Liverpool, 2028:
Six Alternate ‘Futures’

Darren Blenkhorn, End of the Line: When Billy Brown gets His Oats

What will the ‘future’ look like? Specifically what does that future hold for Liverpool? This was the challenge posed by Bido Lito! and dot-art to the city’s artistic community in an open call, to consider the city’s creative future. The resulting exhibition, hosted by Dot Art, offer us visions of a decade hence, which terrify and beguile in equal measure.  

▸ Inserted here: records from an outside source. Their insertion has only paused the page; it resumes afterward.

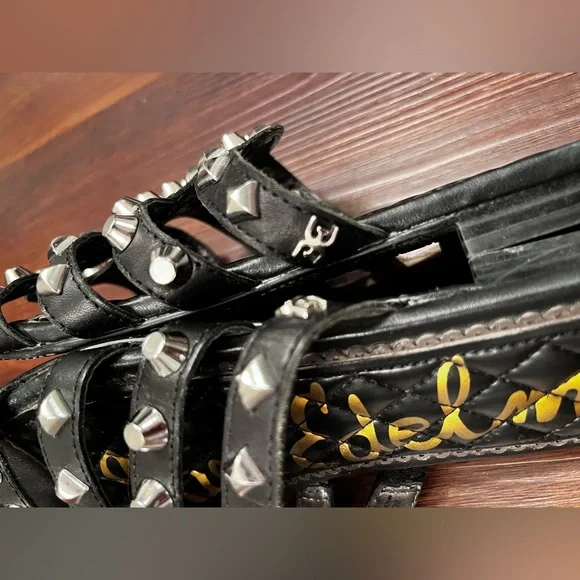 Sam Edelman Beatrice Black Studded Slide Sandals size 8.5 - Picture 5 of 9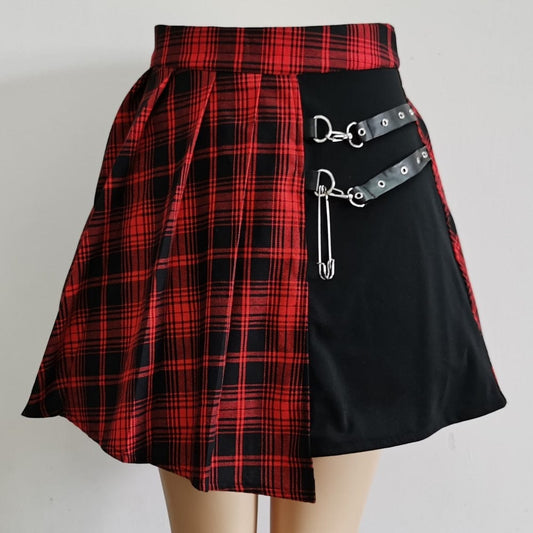 Kinky Cloth Red / XS Tartan Pleated Skirt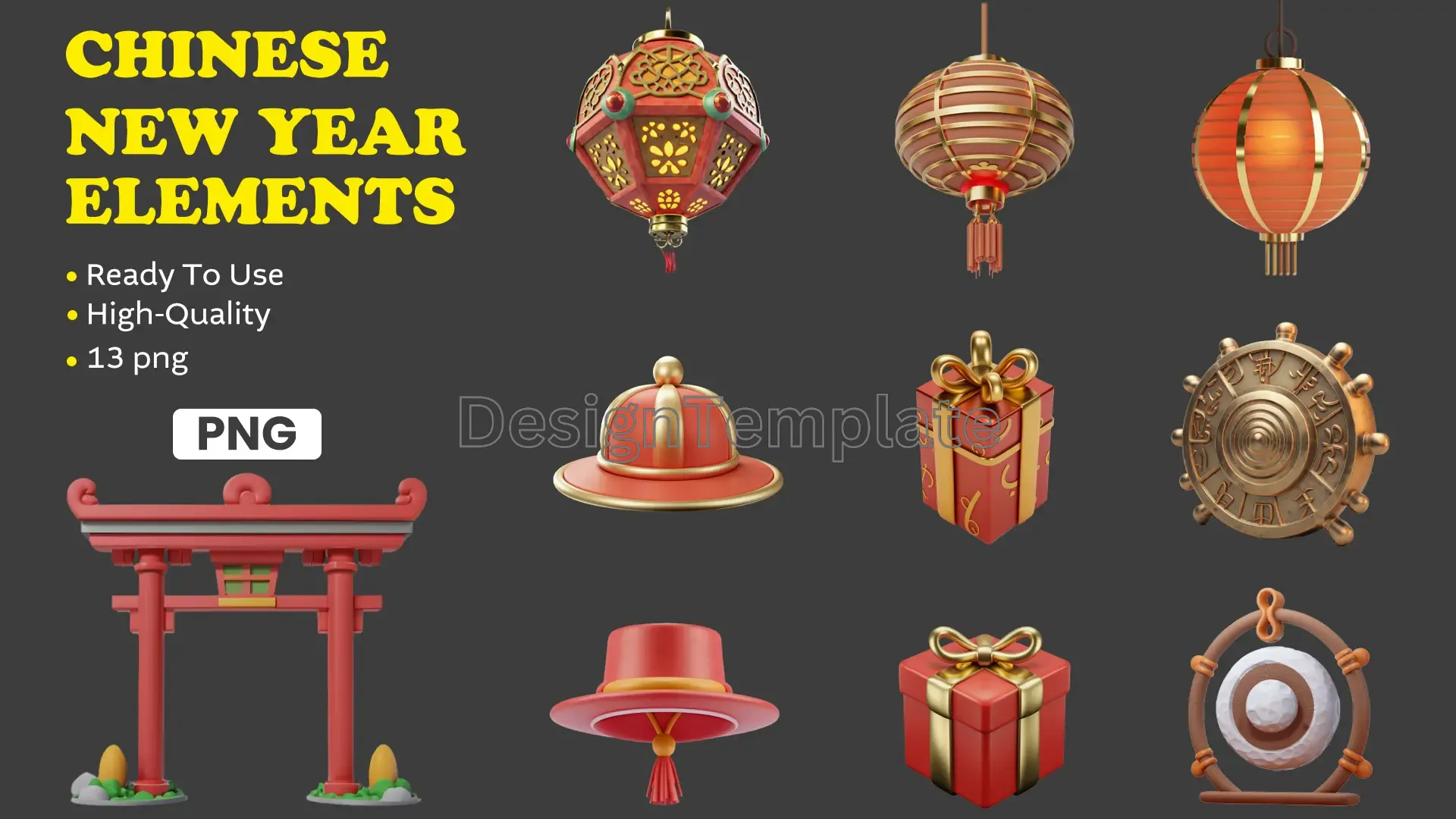 Best Chinese New Year 3D Elements Bundle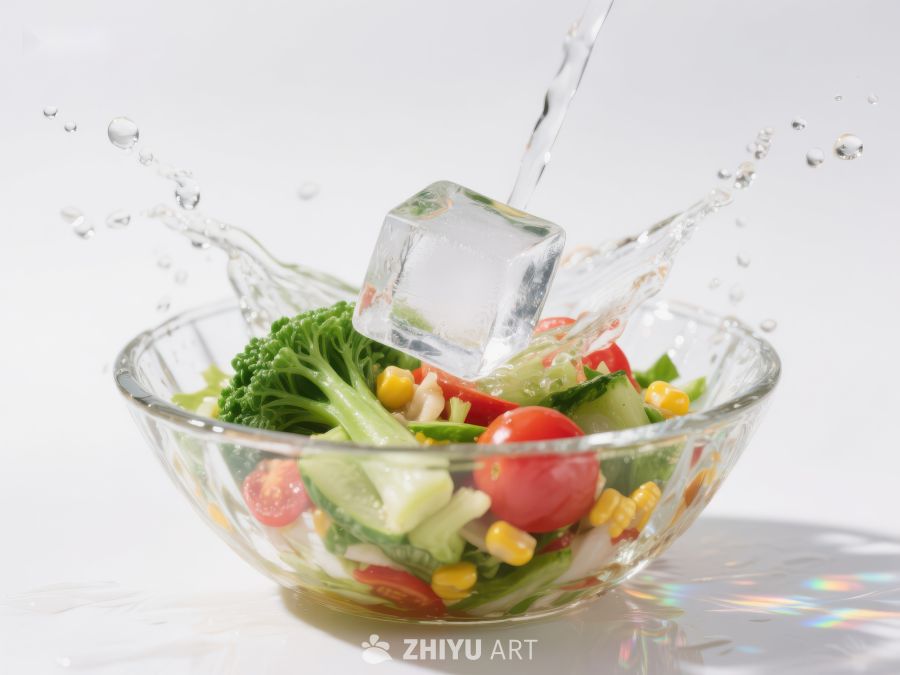 冰块落入蔬菜沙拉，水花四溅 22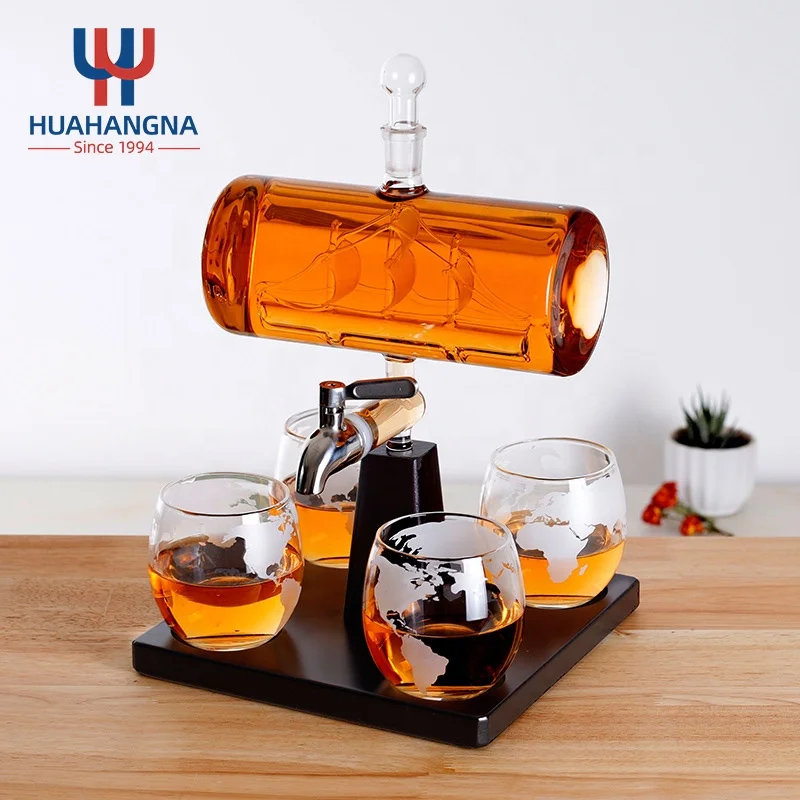 Набор с графином для виски и вина ручной работы 1000 мл 4 круглыми бокалами ликера рома или спирта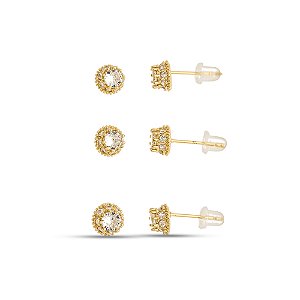 Trio de brinco redondo dourado BR00041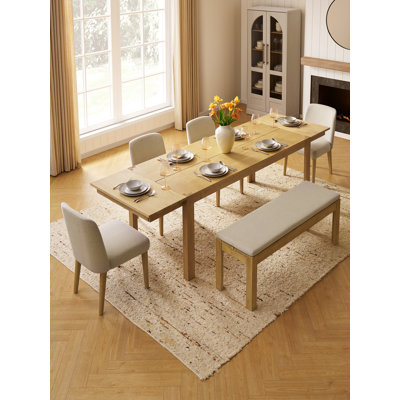 Logan Upholstered Beige Dining Chair Set Of 4 And 64" Bench, Modern Farmhouse Solid Wood 6 Piece 91" Extendable Dining Table Set For Dining Room Kitchen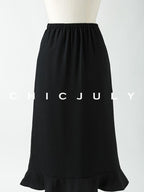 chicjuly Wavy Hem Two Piece Set Designer Cut Women's Acetate Midi Skirts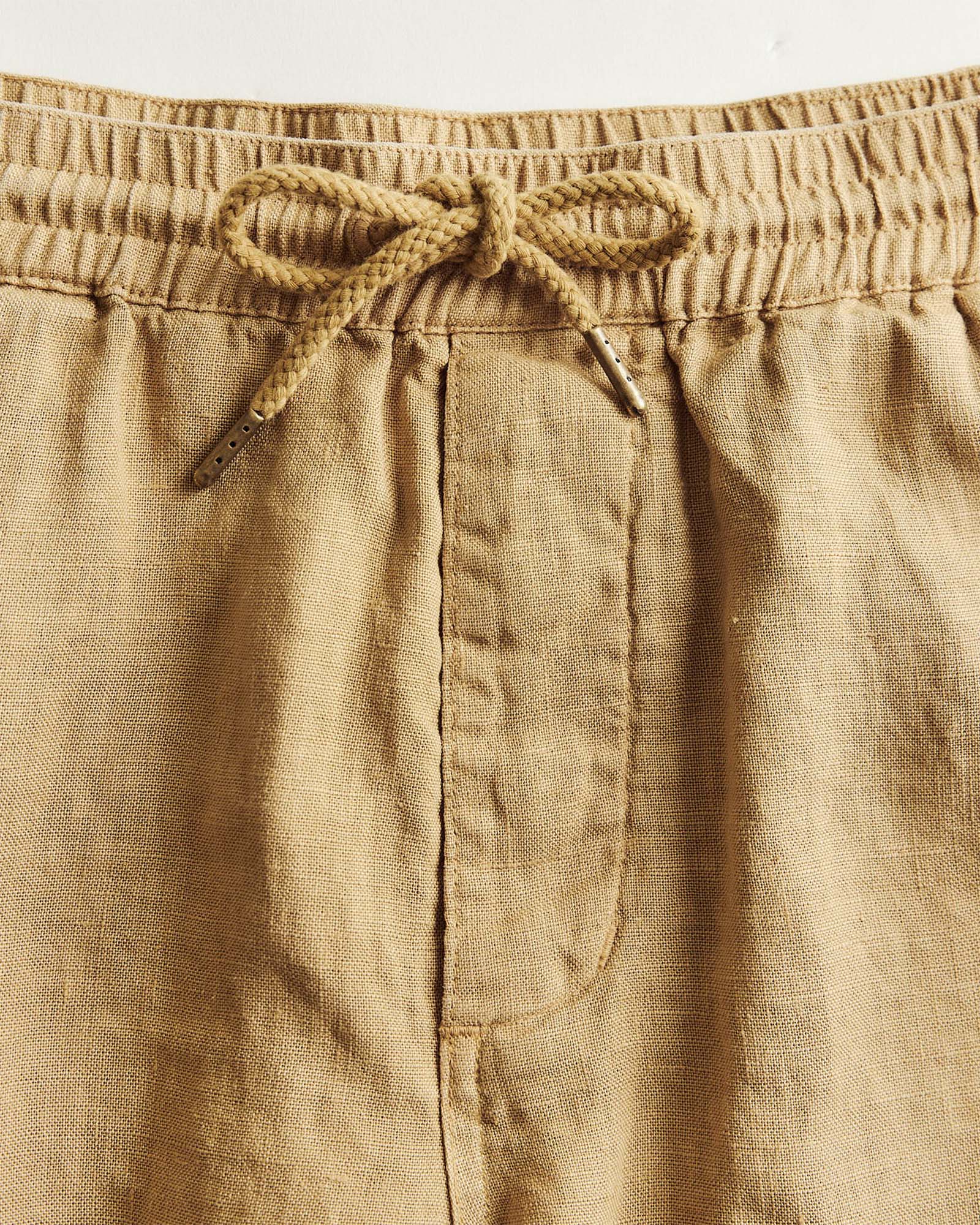 material shot of the waistband on The Apres Short in Wheat Hemp, Bottoms by Taylor Stitch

It is perhaps, sadly, all too inevitable that three of the six artists focused on terrifying, apocalyptic or post-apocalyptic visions of the city. James Chadderton’s ‘Liver Building’, echoes a tradition of graphic comics in presenting Liverpool’s most iconic architectural landmark laid waste. This intricate fine line monochrome drawing offers a sublime meditation on the nature of ruins and maintains an uncertain, fragile beauty, despite the gravity of the subject. Whilst Tommy Graham’s ‘And They’ll Pick Through the Rubble With a Fine Tooth Comb’, imagines an awakening, Manga-like, monster. The execution is brisk, doodle like, and reminds one of the better graffiti seen within public house lavatory cubicles. Note that this is not to disparage the work, but rather seek to convey the essential ‘rough’ essence of the piece.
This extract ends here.